Não há como acolher a tese de extrapolação do Decreto 8.010/2013 em relação aos limites previstos no art. 76 da Lei 10.833/2003. Pelo contrário, a análise do conteúdo demonstra o papel meramente regulamentador do ato do Presidente da República, tornando apta e uniforme a execução do comando legal, conforme competência prevista no art. 84, IV, da Constituição, isto é, "sancionar, promulgar e fazer publicar as leis, bem como expedir decretos e regulamentos para sua fiel execução".

No âmbito do controle jurisdicional do processo administrativo, compete ao Poder Judiciário apreciar apenas a regularidade do procedimento, à luz dos princípios do contraditório, da ampla defesa e do devido processo legal, ou seja, ao Poder Judiciário não é permitido adentrar no exame do mérito administrativo, mas exclusivamente controlar a regularidade, a legalidade e a constitucionalidade do processo administrativo, a menos que se revelem, de forma indubitável, a prática abusiva de atos com excesso ou desvio de poder.
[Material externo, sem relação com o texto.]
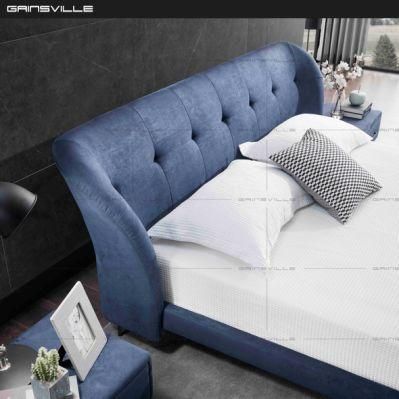 Hot Sale Bed Soft Upholstered Leather Bed Sofa Bed King Bed Modern Home Furniture Bedroom Furniture in Italy Style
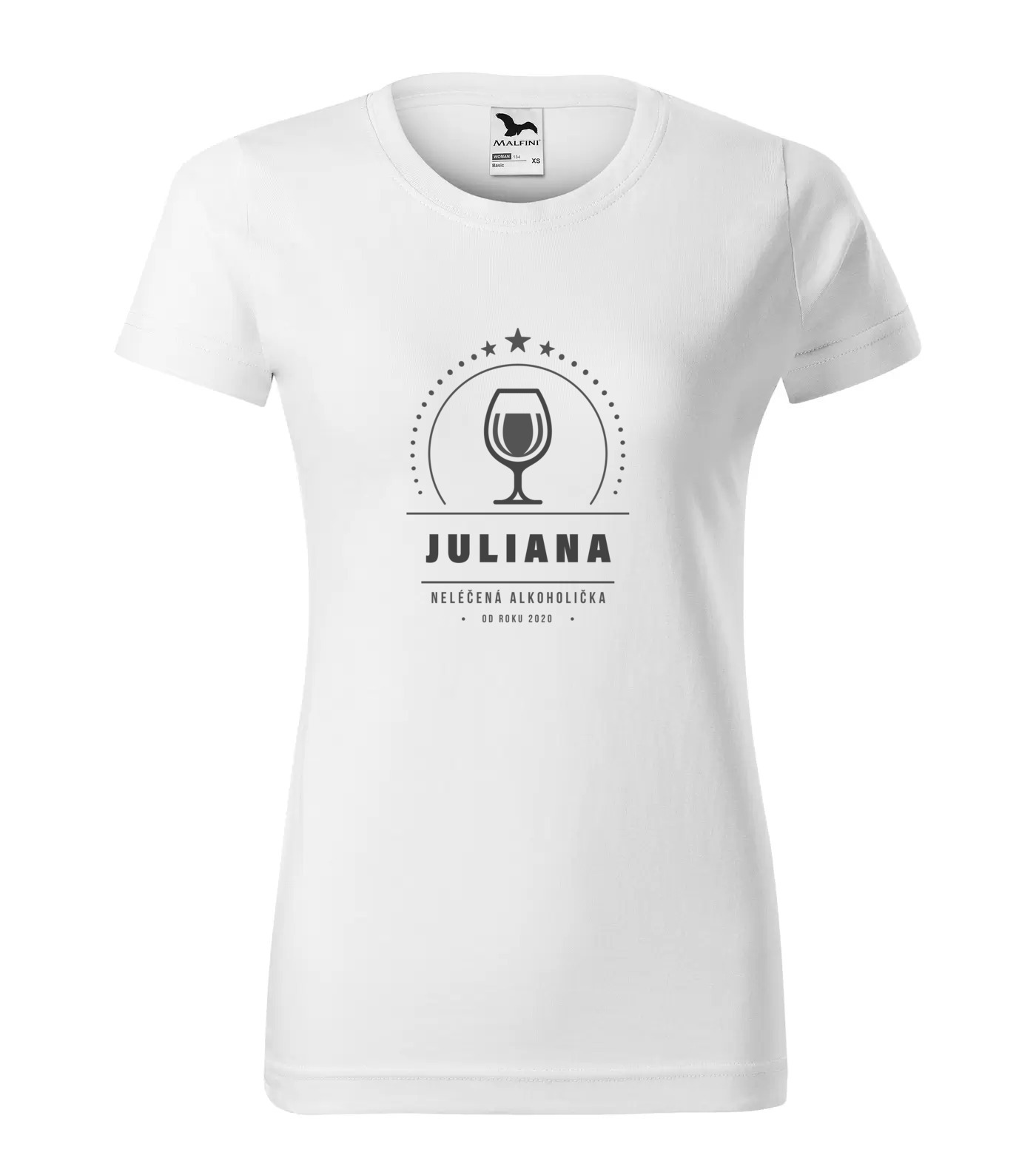 Tričko Alkoholička Juliana
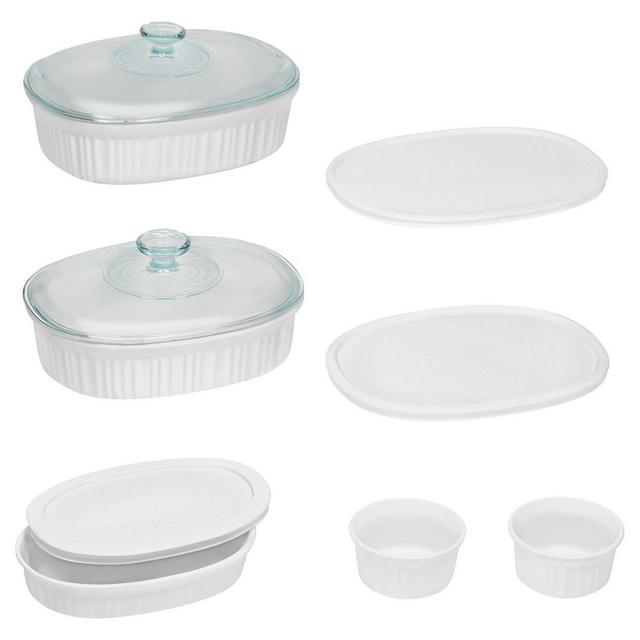 CorningWare® French White 10-piece Bakeware Set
No caso concreto, razoável a quantia estabelecida, de modo que a pretensão em obter a redução do valor arbitrado pela autoridade administrativa não merece acolhimento.

Consequentemente, restam afastadas as argumentações quanto à aplicabilidade do artigo 112 do CTN à hipótese, dado que não há dúvida quanto ao enquadramento legal da espécie, condição para a incidência do referido dispositivo, em seus expressos termos.

Os honorários advocatícios devem seguir a sistemática prevista no artigo 85 do CPC de 2015. Considerando o trabalho adicional em grau de recurso, aplica-se o comando do § 11º do referido artigo, devendo ser observadas, conforme o caso, as disposições dos §§ 2º a 8º.

Majoração a verba honorária em R$ 200,00, considerando as variáveis dos incisos I a IV do § 2º do artigo 85 do CPC/2015 e o § 8º do referido dispositivo legal.

Apelação improvida.


ACÓRDÃO

Vistos e relatados estes autos em que são partes as acima indicadas, na sequência do julgamento, após a apresentação de voto-vista do Des. Fed. MARCELO SARAIVA, bem como do voto do Des. Fed. ANDRÉ NABARRETE, ambos no mesmo sentido da Relatora, foi proferida a seguinte decisão: a Quarta Turma, à unanimidade, decidiu negar provimento à apelação para o fim de manter a r. sentença monocrática, nos termos do voto da Des. Fed. MARLI FERREIRA (Relatora), com quem votaram os Des. Fed. MARCELO SARAIVA e ANDRÉ NABARRETE. A Des. Fed. MÔNICA NOBRE absteve-se de votar por estar ausente na sessão em que houve a leitura do relatório, nos termos do relatório e voto que ficam fazendo parte integrante do presente julgado.